Bitwise's report states that CoinMarketCap and similar services use data that they consider fake. The reason for this is that CMC and other, similar services use data from very obscure crypto exchanges.

Bitwise Report Confirms Previous Findings

The report from Bitwise confirms previous reports from both BTI (Bitcoin Transparency Institute) and Tie. Tie is a trading analytics platform, whose reports have rocked the cryptocurrency world. Tie has analyzed data from 97 exchanges, finding around 87 percent of the cryptocurrency trading on them is potentially false.

Of course, these earlier reports erupted into discussions within the cryptocurrency community. Stakeholders from all levels of the cryptocurrency world have been busy arguing about all facets of the findings. There are those who refuse to believe the reports, despite the reports being backed by hard data.

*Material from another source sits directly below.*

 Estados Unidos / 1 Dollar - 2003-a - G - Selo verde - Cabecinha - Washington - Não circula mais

Most of the community, however, has been critical of CMC. They point out the flaws of how CMC gathers and presents its metrics. Many others have started bringing up the price manipulation fears more and more. They have been focusing on how wash trading has been inflating and deflating the market for years with no real effort by any exchanges to limit such malpractices.

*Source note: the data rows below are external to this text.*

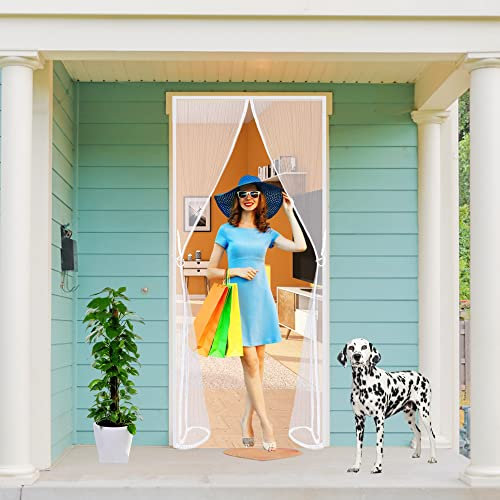 Fliegengitter Tür, 100x205cm Insektenschutz Tür, Netz Vorhänge mit Klettverschluss, Magnet Fliegenvorhang Ideal für die Balkontür/Wohnzimmer/Kellertür/Terrassentür usw. Weiß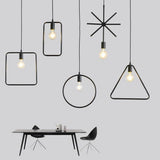 Modern Black and Gold Geometric Pendant Light Rounded Square Metal Hanging Fixture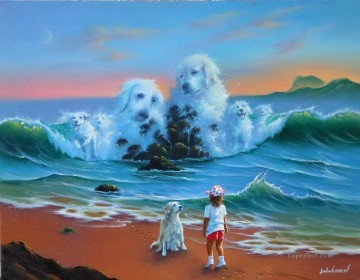 Pop Fantasie Werke - Hunde im Meer Fantastischen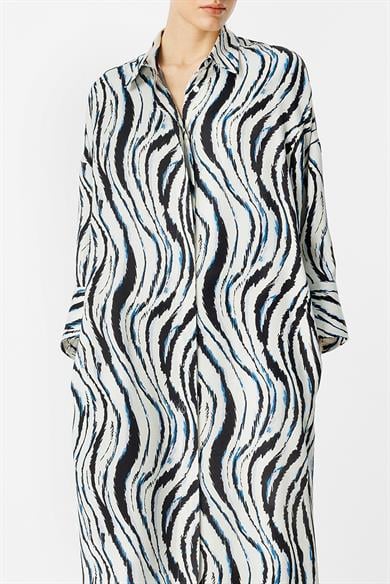 Zebra Desen Gömlek Elbise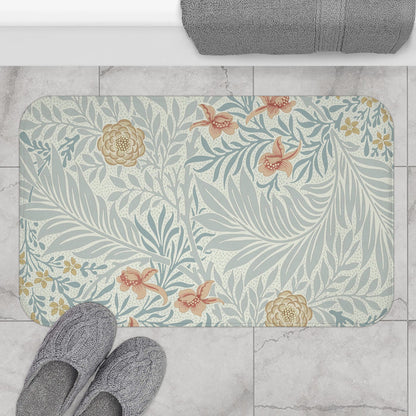 William Morris Bath Mat Larkspur Blue Peach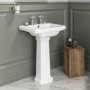 Grade A1 - Park Royal Traditional Two Tap Hole Basin and Full Pedestal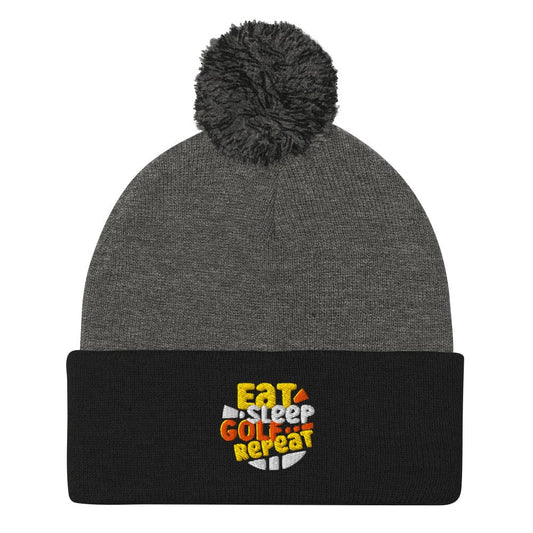 Eat Sleep Golf Repeat Fun Embroidered Golf Pom-Pom Beanie - Funny Golf Tee by Swing Epic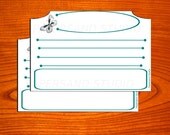 Printable recipe cards, 4x6 tea or wine tastings, butterfly and teal, blank invitation cards, DIY cut and fill. Kitchen organization.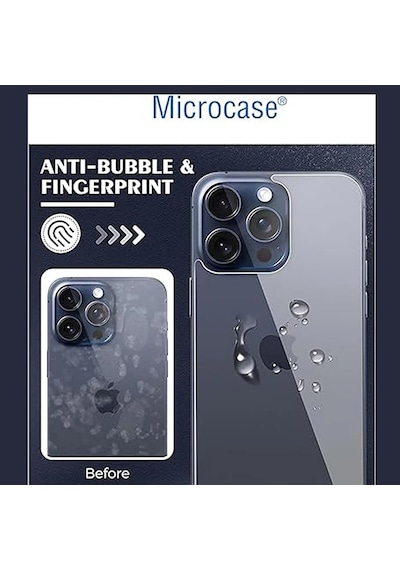 Apple Uyumlu iPhone 15 Pro Arka Kapak İçin Tempered Glass Cam Koruma - Al3270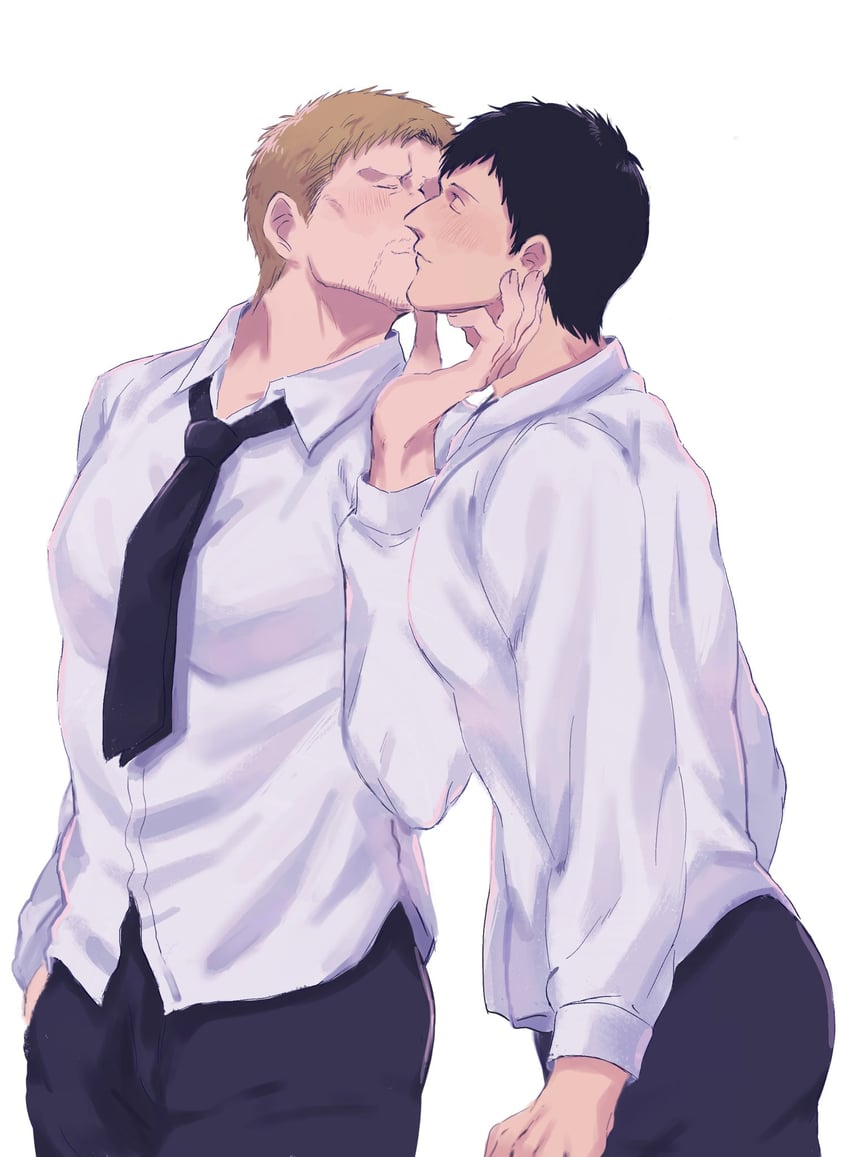 reiner braun and bertolt hoover (shingeki no kyojin) drawn by usoko_(sani_ma_ru)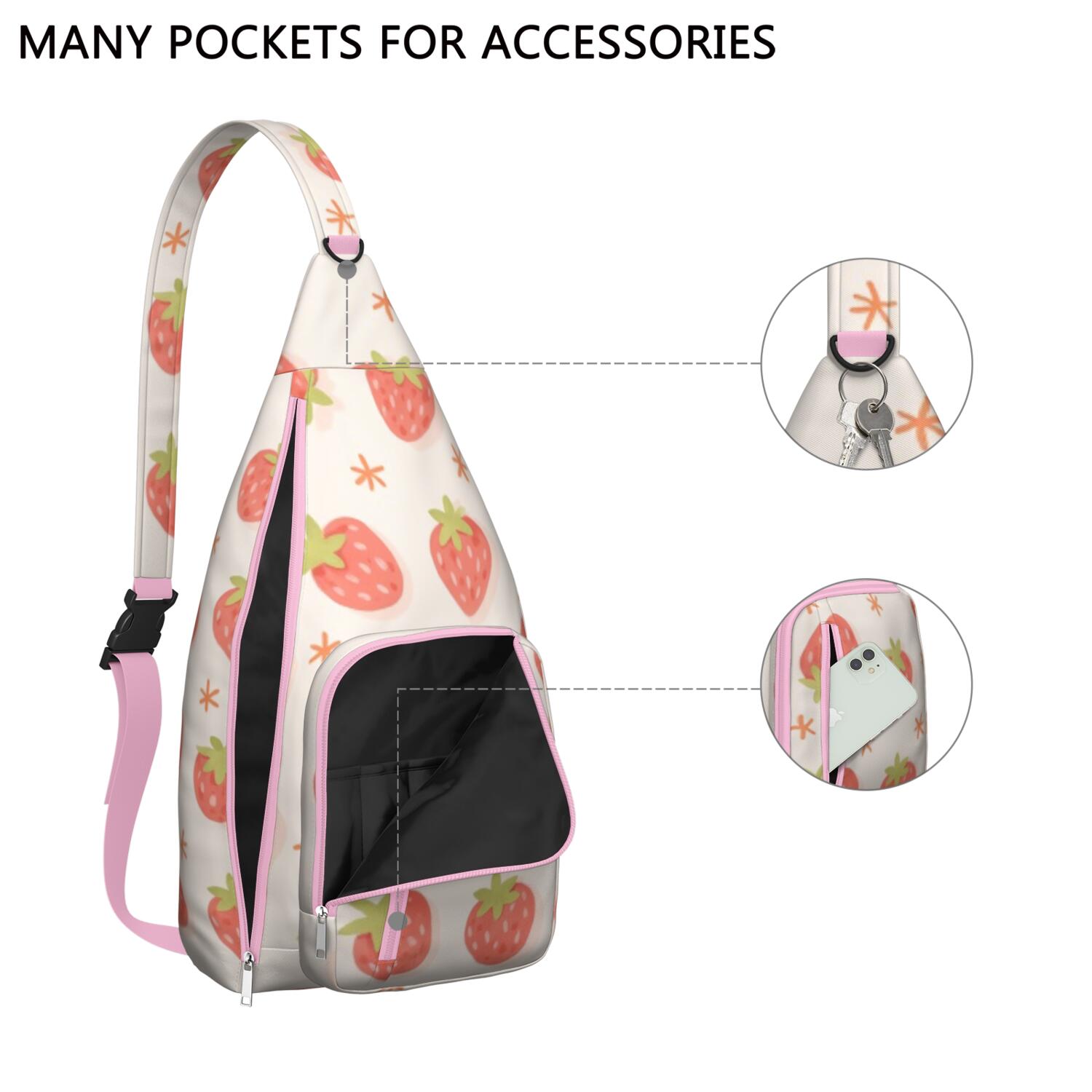 Travel Sling Bag for Men with Adjustable Shoulder Strap Shoulder Backpack Hiking Sling Backpack Crossbody Bag for Travel Strawberry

A good portion of the community believes that wash-trading should be considered a serious offense for the exchanges that do not police it accordingly. They look at the example of wash trading being illegal since 1936 in the United States and say that Bitcoin cannot be fully trusted until such practices are stopped, and stopped with considerable force.

CMC to Blame or Not?

Many int he cryptocurrency community have been quick to blame CMC. They believe that a website that is among the 500 most visited sites in the world, should police the figures it receives most vigilantly. The community believes that by not doing anything, they are harming the state of the market. The fact that CMC is the face of online cryptocurrency trading by virtue of being one of the biggest websites in the world is enough for many people.

Others see it differently. The CEO of Binance does not think it is so much CMC's fault. He points out that while people like to blame CMC, they are a simple platform that is very open. The fact that they are so open is a problem, as it allows any exchange to report their own numbers. He goes on to say that they just show you data that people have put in their system. In effect, Zhao is saying that the community around CMC is to blame, and not the platform itself.

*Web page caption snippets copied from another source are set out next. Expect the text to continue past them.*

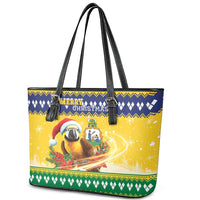Saint Vincent And The Grenadines Christmas Leather Tote Bag Santa Vincent Parrot With Coat Of Arms - Wonder Print Shop
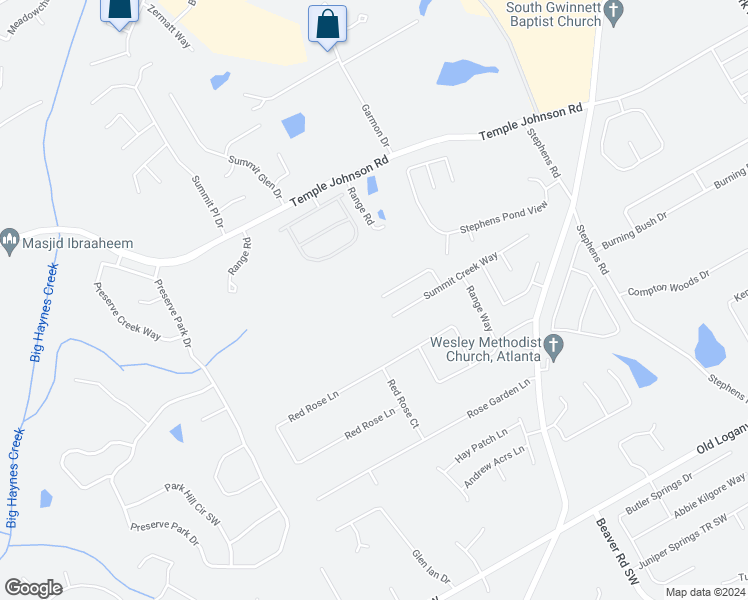 map of restaurants, bars, coffee shops, grocery stores, and more near 3412 Woodruff Ridge Lane Southwest in Loganville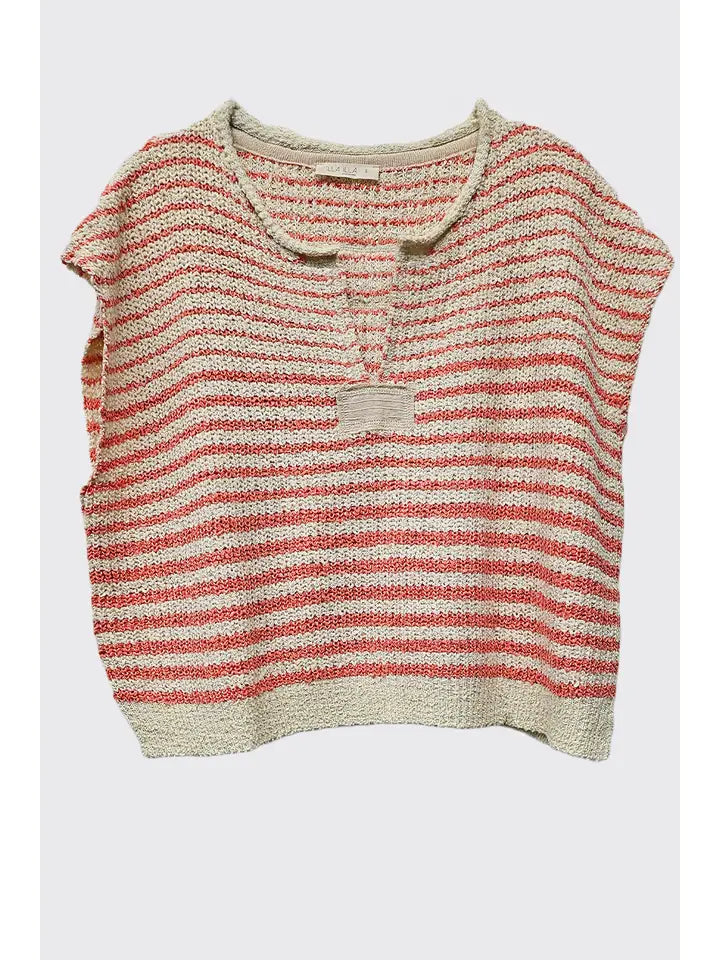 Striped Cap Sleeve Slouchy Sweater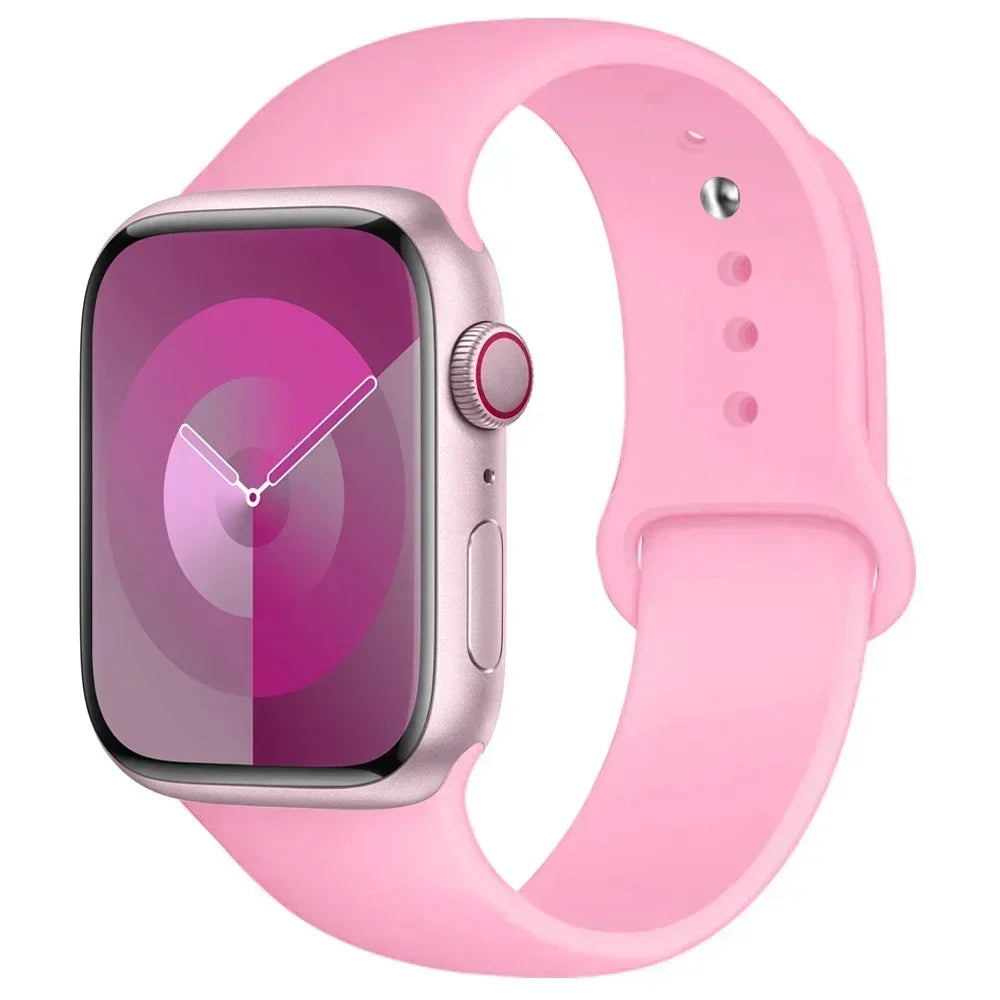 Correa de silicona para Apple Watch de 44 mm, 45 mm, 40 mm, 41 mm, 42 mm, 38 mm y 45 mm, pulsera deportiva para iWatch Series 8, 7, 6, 5, 4, 3, SE, 9, Ultra 2 y 49 mm.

There are dissenting opinions of course. One of the loudest voices is, unsurprisingly, Ryan Selkis. Selkis is the founder and CEO of Messari, a competing platform. He was quick to jump on the CMC hate bandwagon. He stated that CMC data is mostly wrong and that it is hurting the cryptocurrency market. He said that the daily trading volume, the circulating supply was wrong and even the market cap was wrong.

He was also quick to point out that Messari has alternative benchmarks that are curated more carefully. He espoused the release of Messari's “Real 10” volumes data, with it going live on March 26th. Where the “real” trading volume was shown among the reported trading volume. The difference in Bitcoin was most staggering in the screenshot used. The reported daily trading for Bitcoin was 11 billion, whereas the “Real 10” figure was closer to 310 million.

He has also pointed out that XRP and XLM are both massively overtraded in the reported category meaning there is a lot of manipulation going on in those platforms. XRP had 800 million reported but just 50 million in “Real 10”. XLM had 235 million reported and only 13 million “Real 10”.

Many more people are starting to come to the side of industry leaders such as Selkis. They are demanding form the industry to change and build in methods to stop overreporting and market manipulation. If they do not – cryptocurrency will lose the goodwill it has taken a long time to accumulate.